I’ve always though the most confusing thing for newcomers was the top-level double semicolon.
This thread confirms this.
To all future newcomers who are not already familiar with a repl: do not use the toplevel until you have grasped the basic syntax of OCaml (which kernel is really simple) by writing actual programs.
@rene_sax Double semicolons (;;
) is not really OCaml syntax. Let’s consider it a toplevel syntax.
OCaml syntax is all about building values out of expressions (an expression is a combination of values). For instance let negate s = "not " ^ s and x = "glop" in if happy then x else negate x
is an expression returning some string value. In OCaml as in a few other languages (but neither C nor Python), almost anything is an expression that has a value and so can be combined freely.
To build useful programs you need only one more thing: a way to bind a value to a global identifier (so that you can define functions and variables that can be called/used by other programs, and so that your can write programs with an entry point). To do this, you need a special let statement
that you write alone, not part of any other expression. For instance:
let main =
let happy = Random.int 2 = 1 in
let message =
let negate s = "not " ^ s and x = "glop" in
if happy then x else negate x in
print_string message
Notice there is not a single semicolon in there.
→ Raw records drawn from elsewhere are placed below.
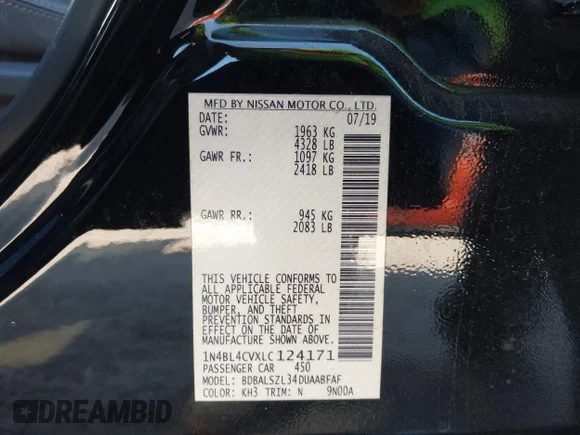 ✅ 2020 Nissan Altima SR • VIN: 1N4BL4CVXLC124171 • Lot: 44027831. Wystawiony na IAAI z przebiegiem 131 160 mil. Bezpłatny archiwum sprzedaży aukcyjnych z USA i szczegółowy raport historii pojazdu na DreamBid. Zdjęcie 9.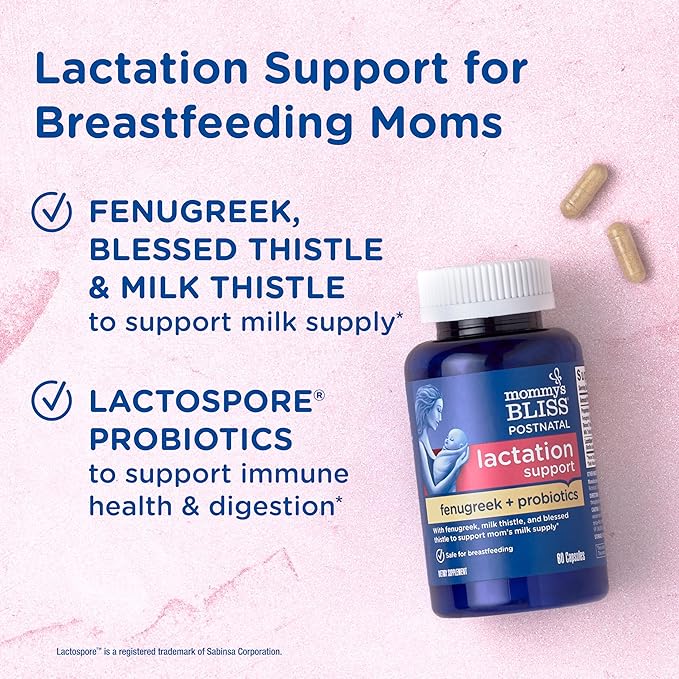 Mommy's Bliss Postnatal Lactation Support Supplement with Probiotics: Support Breastfeeding Milk Supply with Fenugreek, Blessed & Milk Thistle, Postpartum Immune Health While Nursing (60 Servings)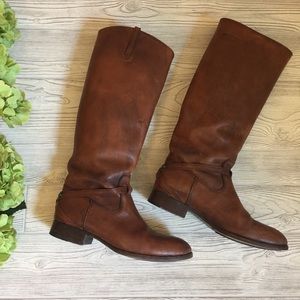 Frye Lindsay Plate Tall Riding Boots in Cognac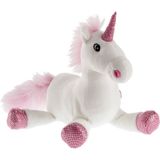 Merkloos Pluche witte/roze eenhoorn knuffel 38 cm speelgoed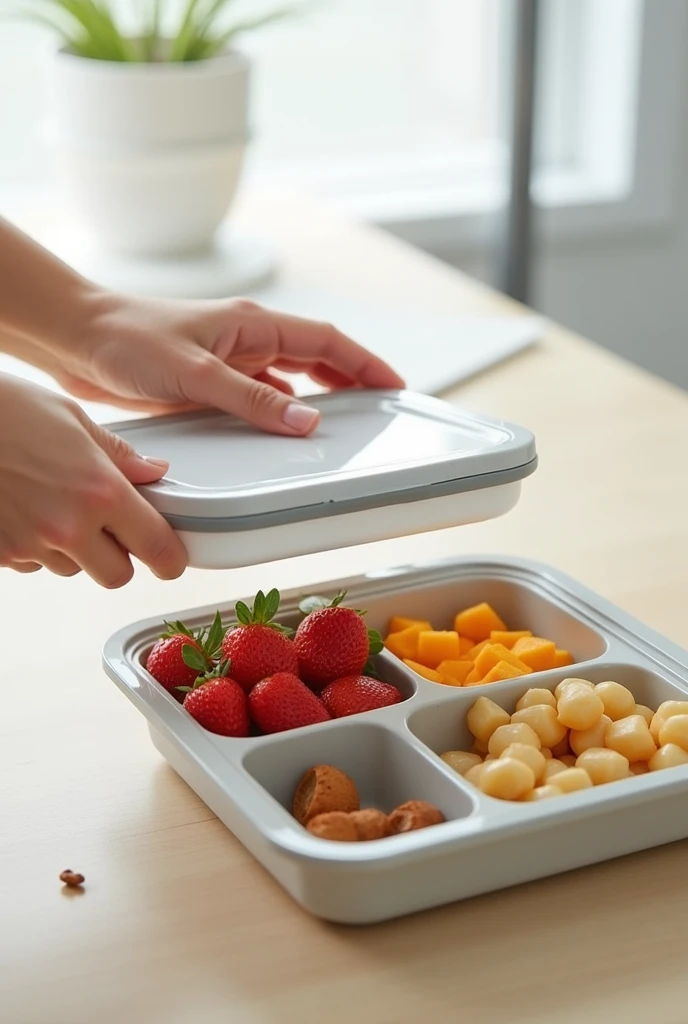 food container with a correct closing indicator on the lid and divisions inside and Smart hermetic lid
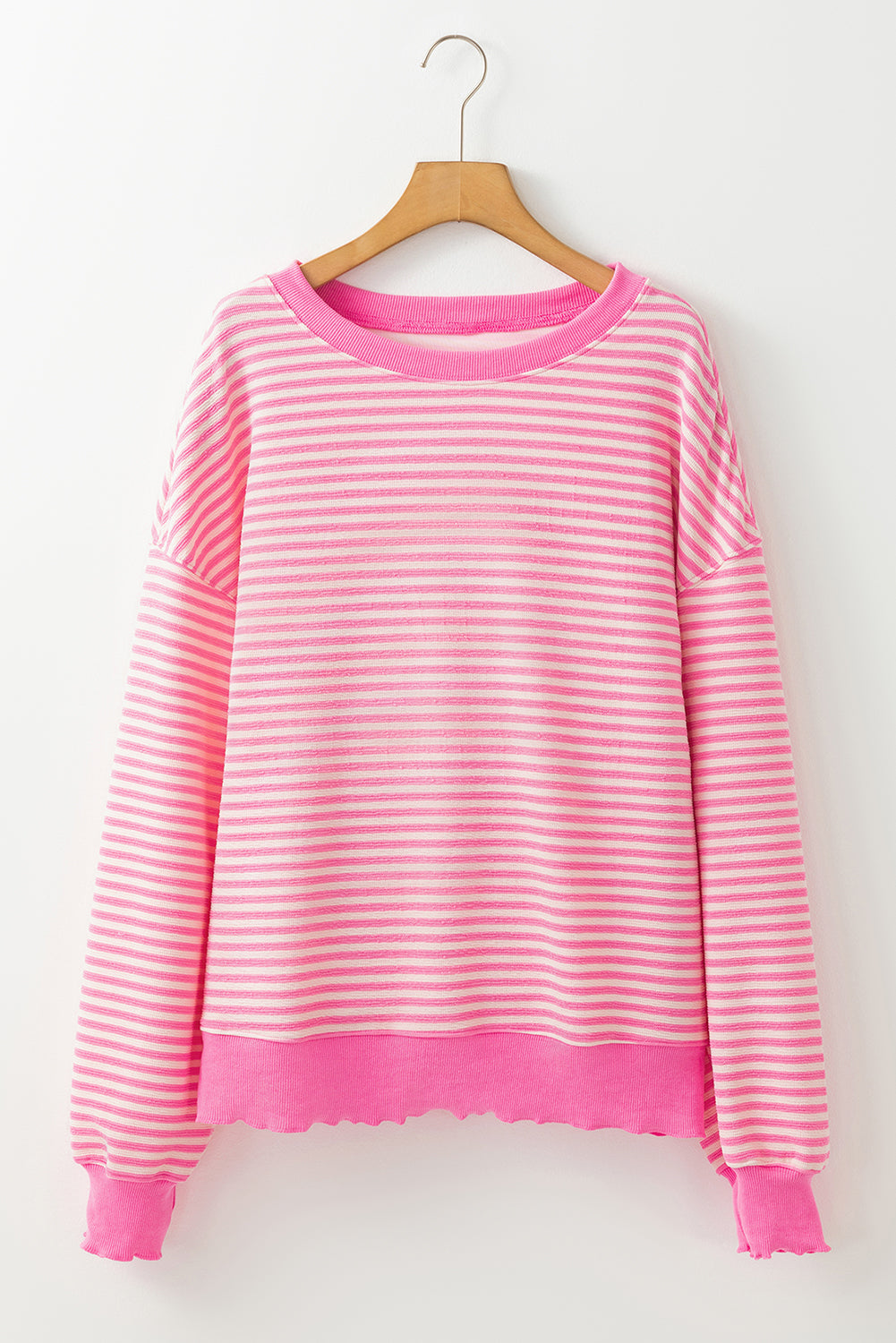 Purple Stripe Drop Shoulder Long Sleeve Top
Notice also that the let main =
is different than the two other let
s: because it is written at the top level of your file, outside any other expression, then it’s a special let statement
with no value, but with the effect of binding some value to a global variable named main
.
You can write this in a file program.ml
and then compile it with ocamlc program.ml -o program
and then run the program with ./program
.
Now, OCaml is a language that accepts side effects. A few special constructs of the language have a side effect. For instance, the expression record.field <- 42
(which value is ()
) sets the value of some mutable record field to 42.
Also, calling functions written in C can also result in side effects (in addition to those functions returning a value).
In the program above this happened twice: the Random.int
function, as a side effect, update its internal random generator seed, and the print_string
function, in addition to returning the ()
value, also prints something on the terminal.
In a language with side effects, it is useful to sequence the side effects, so that one takes place before another one. For instance, we would like that, after having printed the message, the above program also prints a newline character.
OCaml syntax for sequencing two expressions is the ;
. expression_1 ; expression_2
means: evaluate expression_1
(and perform its side effects), discard its value, then evaluate expression_2
(and perform its side effects), and let the value of the all sequence be that of expression_2
.
Since the value of expression_1
is discarded, the compiler will warn if that value had any other type than unit, as it means you have computed a value that’s not used, which is suspicious.
We can thus change the program into:
let main =
let happy = (... etc ...) in
print_string message ; print_newline
And that’s all for OCaml syntax. Notice, no ;;
anywhere.
So, why is it so frequent to encounter OCaml code fragments that are littered with those ;;
?
For two reasons:
-
there is a toplevel, aka a REPL. It’s a tool that evaluates OCaml expressions and prints their value. Quite useful. But when it reads user entered expressions (and let statements, that are also understood and also printed), the top-level accepts multi-line entries. Then, how does it know when a user expression (or let statement) is complete ? You guessed it: it waits for a double semicolon. This is a completely different syntactic device than the semicolon used as the sequencing operator in the language, see ?
-
It might not be factually correct but my impression is that OCaml inventors had an idea that in hindsight might not have been so great: to help beginners learn OCaml, they decided to accept (and ignore) double semi-colons after let-statements, so that a beginner copy-pasting code from the top-level into a real source file would not be punished with a parse error. Following suit, a lot of OCaml programers and tutorial writers wrote their programs terminating every let-statement with a double-colon so that beginners could copy-paste the other way around, from the program to the top-level.
That’s why many OCaml code fragments feature those confusing double semicolons, that are nowhere to be seen in actual programs.
Hope that helped.